Ketiga jenis kesabaran tersebut di atas merupakan hasil akumulasi keyakinan religius (iman) dan kekayaan pendidikan (ilmu), Iman merupakan filter yang akan menyeleksi berbagai keputusan apakah akan direalisasikan dalam bentuk tindakan atau tidak berdasarkan tolok ukur pertimbangan apakah Sang Khalik menyukainya atau tidak. Jika jawabannya ‘ya’, maka tindakan ‘boleh’ dilakukan.’Boleh’ ini akan diuji kembali oleh filter ilmu, berupa kalkulasi biaya yang harus dibayar untuk melakukan tindakan itu dan analisa untung-ruginya. Jika ini juga ‘ya’, maka tindakan ‘bisa segera’ dilaksanakan dengan semaksimal kemampuan yang ada lantas memasrahkan hasilnya pada keputusan Allah Swt. Tuhan kita Maha Pemurah dan Maha Lembut. Percayalah tak ada ketekunan dan kerja keras yang akan tersia-sia begitu saja, meski tujuan awal kita tak tercapai namun pengganti yang diberikanNya sebagai imbalan jerih payah kita pastilah sangat memuaskan.Tinggal mengasah sensor ruhaniah kita untuk mendeteksinya dan kemudian menindaklanjutinya dengan menyesuaikan rencana kita berikutnya dengan panduan itu. Selanjutnya kesuksesan sudah siap dipetik.


Benih iman dan ilmu yang merupakan bahan baku kecerdasan emosional hendaknya desemaikan dalam diri setiap individu, keluarga, dan bangsa. Masa anak-anak yang merupakan periode subur penyerapan nilai-nilai kehidupan hendaknya dimanfaatkan oleh para orang tua untuk mengenalkan buah hati mereka pada keberadaan Sang Khalik dan cara-cara untuk berinteraksi secara benar denganNya. Pastikan anak memahami bahwa semua keindahan dan kegembiraan yang mereka rasakan adalah karunia Allah yang Maha Penyayang. Sementara kesedihan, penyakit, dan hal-hal yang terkesan tidak menyenangkan adalah bagian dari pendidikan Tuhan untuk membuat mahluk-Nya tumbuh menjadi individu-individu yang tegar, tabah, dan mampu berbahagia serta bersyukur pada kondisi apapun. Kesadaran semacam ini akan membuat anak mampu bersabar saat dia harus berhadapan dengan hal-hal yang membuatnya tidak nyaman, seperti tak bias ikut karya wisata karena orangtua tidak mampu, tidak naik kelas, penggencetan teman di sekolah,dan hal-hal buruk lainnya. Seringkali mereka takut atau sungkan bercerita pada orangtua, jadi ajarkan pada mereka untuk ‘curhat’ pada Tuhan yang tak pernah letih mendengarkan keluhan hambaNya. Bila sedari kecil kesabaran dalam susah dan senang sudah ditanamkan, maka di fase remaja dan dewasa pun mereka akan lebih pandai mengendalikan emosi – rasionya hingga bisa menjalani kehidupan sebagai MANUSIA YANG BAIK DAN BAHAGIA.
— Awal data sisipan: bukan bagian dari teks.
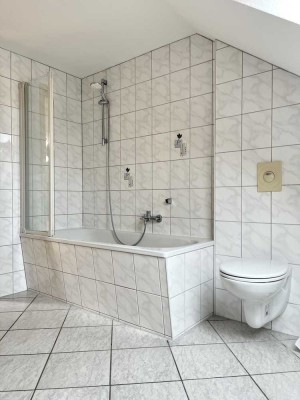 Gemütliche, renovierte 3 Zimmer-Wohnung mit gehobener Innenausstattung in Mühlhausen/Thüringen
Bila presentasi manusia yang baik dan bahagia ini meningkat, maka angka kriminalitas pun otomatis akan menurun. Seberapa banyak penurunannya tentu tergantung pada seberapa besar kecerdasan emosional dimiliki oleh masyarakat. Jadi bila menginginkan untuk mengakhiri budaya korupsi yang sudah mengakar dalam bangsa ini atau memiliki generasi penerus yang berkarakter positif kuat dan tidak lantas bunuh diri hanya karena ditinggal pacar, maka segeralah masing-masing kita menebar dan memupuk benih-benih kecerdasan emosional di lingkungan tempat kita mengaktualisasikan diri . Mengutip semboyan pengusaha tangguh asal Bandung KH Abdullah Gymnastiar “Mulai dari sekarang, mulai dari diri sendiri, dan masyarakatkan pada umat’.Dengan demikian diharapkan akan terbentuk masyarakat ideal sebagaimana dideskripsikan dalam QS Al-Fath, 48:29 yaitu bagaikan ‘tanaman yang mengeluarkan tunasnya, maka tunas itu menjadikan tanaman tadi kuat, lalu menjadi besarlah ia dan tegak lurus di atas pokoknya. Tanaman itu menyenangkan hati penanam-penanamnya…’.